Citicoline sodium finds itself reviewed by agencies from the European Medicines Agency to the U.S. FDA and others for both substance monographs and finished dosage product registrations. Regulations evolve quickly, and keeping pace demands not just paperwork but firsthand familiarity with both legacy and updated analytical methods. Our staff undergoes regular validation training — we test against upcoming compendial changes and maintain method transfer capabilities in-house. If a monograph changes a test protocol or expands impurity panels, we do not simply relabel. Instead, we validate new assays, adjust processes, and retune our spec to match both letter and intent. Traceability isn’t optional; it’s the unbroken chain that lets researchers and regulatory bodies trust a vial or drum that originated here.
Real-world consistency turns on small details. Each batch requires calibration across several methods: titration of sodium, ultraviolet spectrophotometry for chromophore drift, and sterility or bioburden checks for injectable grades. Over the years, we’ve adapted equipment, rewritten SOPs, and trained new staff to handle both routine production runs and rare, specialized request scenarios. The end result is a staff culture that takes both pride and accountability in every production cycle.

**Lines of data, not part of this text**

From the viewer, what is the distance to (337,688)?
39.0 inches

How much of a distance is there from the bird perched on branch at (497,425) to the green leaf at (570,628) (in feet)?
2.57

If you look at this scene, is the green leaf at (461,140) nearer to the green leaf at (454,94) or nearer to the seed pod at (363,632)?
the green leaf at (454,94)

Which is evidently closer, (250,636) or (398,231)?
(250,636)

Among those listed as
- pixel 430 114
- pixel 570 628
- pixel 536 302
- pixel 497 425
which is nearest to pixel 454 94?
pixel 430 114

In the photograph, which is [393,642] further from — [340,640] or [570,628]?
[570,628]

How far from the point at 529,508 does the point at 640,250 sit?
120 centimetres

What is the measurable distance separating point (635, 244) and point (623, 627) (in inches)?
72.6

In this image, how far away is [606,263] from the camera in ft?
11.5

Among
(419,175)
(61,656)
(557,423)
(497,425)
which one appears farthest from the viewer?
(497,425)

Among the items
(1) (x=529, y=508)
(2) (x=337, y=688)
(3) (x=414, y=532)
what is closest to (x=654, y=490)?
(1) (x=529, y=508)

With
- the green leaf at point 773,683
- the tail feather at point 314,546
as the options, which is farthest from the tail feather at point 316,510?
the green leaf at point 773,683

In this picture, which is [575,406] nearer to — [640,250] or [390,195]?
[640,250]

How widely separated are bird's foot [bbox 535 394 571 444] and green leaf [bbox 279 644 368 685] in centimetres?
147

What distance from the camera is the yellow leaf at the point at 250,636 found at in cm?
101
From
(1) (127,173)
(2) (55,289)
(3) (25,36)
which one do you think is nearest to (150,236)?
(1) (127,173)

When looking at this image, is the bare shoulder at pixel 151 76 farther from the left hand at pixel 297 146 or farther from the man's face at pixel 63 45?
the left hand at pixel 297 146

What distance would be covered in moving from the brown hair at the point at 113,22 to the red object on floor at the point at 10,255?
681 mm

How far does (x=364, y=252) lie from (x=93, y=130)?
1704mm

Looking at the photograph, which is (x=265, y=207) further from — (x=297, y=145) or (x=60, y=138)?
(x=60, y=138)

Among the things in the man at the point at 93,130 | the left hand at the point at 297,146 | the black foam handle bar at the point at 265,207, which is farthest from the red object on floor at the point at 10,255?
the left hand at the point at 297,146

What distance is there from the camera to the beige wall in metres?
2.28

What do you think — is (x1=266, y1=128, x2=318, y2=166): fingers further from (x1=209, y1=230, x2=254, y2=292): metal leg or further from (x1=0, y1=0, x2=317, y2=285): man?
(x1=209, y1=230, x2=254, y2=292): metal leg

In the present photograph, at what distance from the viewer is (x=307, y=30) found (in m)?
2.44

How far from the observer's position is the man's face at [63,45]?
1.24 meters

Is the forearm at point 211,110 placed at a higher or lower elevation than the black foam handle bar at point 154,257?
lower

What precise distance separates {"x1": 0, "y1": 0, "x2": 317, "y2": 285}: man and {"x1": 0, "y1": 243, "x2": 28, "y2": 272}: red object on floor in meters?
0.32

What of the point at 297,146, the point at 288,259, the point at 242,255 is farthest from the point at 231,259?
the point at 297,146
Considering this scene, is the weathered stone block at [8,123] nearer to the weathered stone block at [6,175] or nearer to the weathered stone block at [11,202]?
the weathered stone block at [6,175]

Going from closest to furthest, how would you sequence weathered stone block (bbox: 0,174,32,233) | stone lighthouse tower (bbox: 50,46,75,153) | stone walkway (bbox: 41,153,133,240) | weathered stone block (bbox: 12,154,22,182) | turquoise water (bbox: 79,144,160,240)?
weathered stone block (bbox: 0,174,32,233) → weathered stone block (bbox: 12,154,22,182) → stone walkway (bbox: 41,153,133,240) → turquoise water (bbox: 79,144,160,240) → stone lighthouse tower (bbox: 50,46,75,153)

As demand for citicoline sodium grows both in established markets and in new, research-driven sectors, we continue examining the most meaningful upgrades — from analytics to batch automation and traceability. Rising quality expectations push the standard higher, not as a static checklist but as a moving target shaped by both customers and the regulatory environment. Direct manufacturing always imposes a steeper learning curve, but it supplies the know-how to meet challenges head-on and deliver material that meets nuanced, real-world demands every time.

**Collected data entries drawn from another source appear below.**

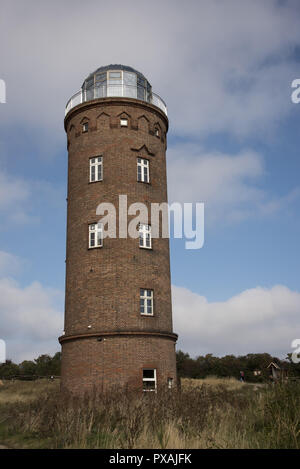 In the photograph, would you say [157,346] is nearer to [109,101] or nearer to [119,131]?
[119,131]

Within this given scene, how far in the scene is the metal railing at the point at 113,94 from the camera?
25328 mm

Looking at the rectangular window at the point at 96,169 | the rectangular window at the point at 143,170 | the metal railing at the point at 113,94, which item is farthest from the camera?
the metal railing at the point at 113,94

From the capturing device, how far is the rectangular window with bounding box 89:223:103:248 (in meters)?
22.8

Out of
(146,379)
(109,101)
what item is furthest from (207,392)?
(109,101)

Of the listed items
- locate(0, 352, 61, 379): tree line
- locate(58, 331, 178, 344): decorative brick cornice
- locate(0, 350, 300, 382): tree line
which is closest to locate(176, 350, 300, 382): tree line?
locate(0, 350, 300, 382): tree line

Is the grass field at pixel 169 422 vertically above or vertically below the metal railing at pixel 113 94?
below

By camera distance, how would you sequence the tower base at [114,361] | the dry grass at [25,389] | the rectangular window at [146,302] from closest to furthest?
the tower base at [114,361], the rectangular window at [146,302], the dry grass at [25,389]

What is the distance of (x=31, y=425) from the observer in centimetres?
1266

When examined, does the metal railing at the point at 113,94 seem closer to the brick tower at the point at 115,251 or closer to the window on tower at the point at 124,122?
the brick tower at the point at 115,251

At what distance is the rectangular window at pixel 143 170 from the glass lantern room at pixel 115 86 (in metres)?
3.76

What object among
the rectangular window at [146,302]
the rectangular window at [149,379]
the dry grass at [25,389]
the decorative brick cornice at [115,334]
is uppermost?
the rectangular window at [146,302]

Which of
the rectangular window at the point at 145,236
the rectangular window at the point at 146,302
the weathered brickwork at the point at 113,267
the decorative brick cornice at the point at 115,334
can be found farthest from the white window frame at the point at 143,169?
the decorative brick cornice at the point at 115,334

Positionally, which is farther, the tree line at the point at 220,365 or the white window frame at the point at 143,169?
the tree line at the point at 220,365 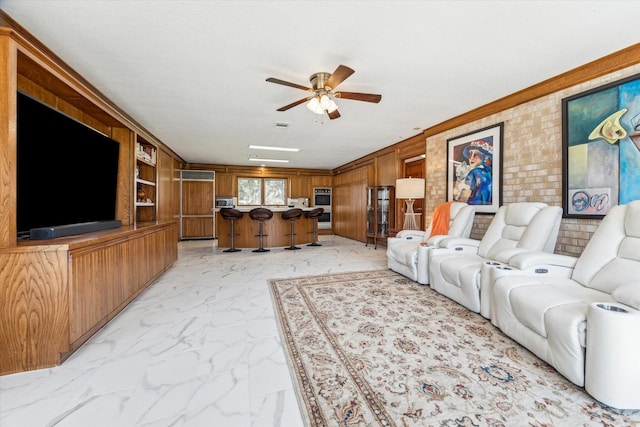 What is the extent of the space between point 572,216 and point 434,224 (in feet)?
5.17

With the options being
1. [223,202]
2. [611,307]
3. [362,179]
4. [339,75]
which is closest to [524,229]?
[611,307]

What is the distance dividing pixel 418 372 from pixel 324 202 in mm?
7690

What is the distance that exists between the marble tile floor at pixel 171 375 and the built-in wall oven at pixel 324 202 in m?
6.09

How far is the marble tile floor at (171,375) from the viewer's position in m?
1.32

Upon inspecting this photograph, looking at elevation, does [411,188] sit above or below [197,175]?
below

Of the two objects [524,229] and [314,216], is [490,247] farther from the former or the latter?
[314,216]

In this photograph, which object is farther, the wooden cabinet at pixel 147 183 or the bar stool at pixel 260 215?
the bar stool at pixel 260 215

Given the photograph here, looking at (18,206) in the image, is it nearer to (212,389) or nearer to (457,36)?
(212,389)

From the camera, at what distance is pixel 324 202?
30.2 feet

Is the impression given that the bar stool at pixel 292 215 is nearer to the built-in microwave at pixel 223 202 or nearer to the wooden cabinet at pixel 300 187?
the wooden cabinet at pixel 300 187

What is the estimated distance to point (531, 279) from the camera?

This direct approach stands on experience, transparency, and commitment, not just a history of compliance. Every kilo shipped leaves behind both documentation and a human chain of care that only forms in a facility where synthesis, feedback, and improvement never stop. For users ranging from clinical trial sponsors to product innovators, this means you can talk directly with the team that makes your citicoline sodium — staff who solve problems and celebrate outcomes alongside you. Confidence, reliability, and improvement never happen by accident. Step-by-step, batch-by-batch, these qualities define the difference when working directly with a genuine manufacturer.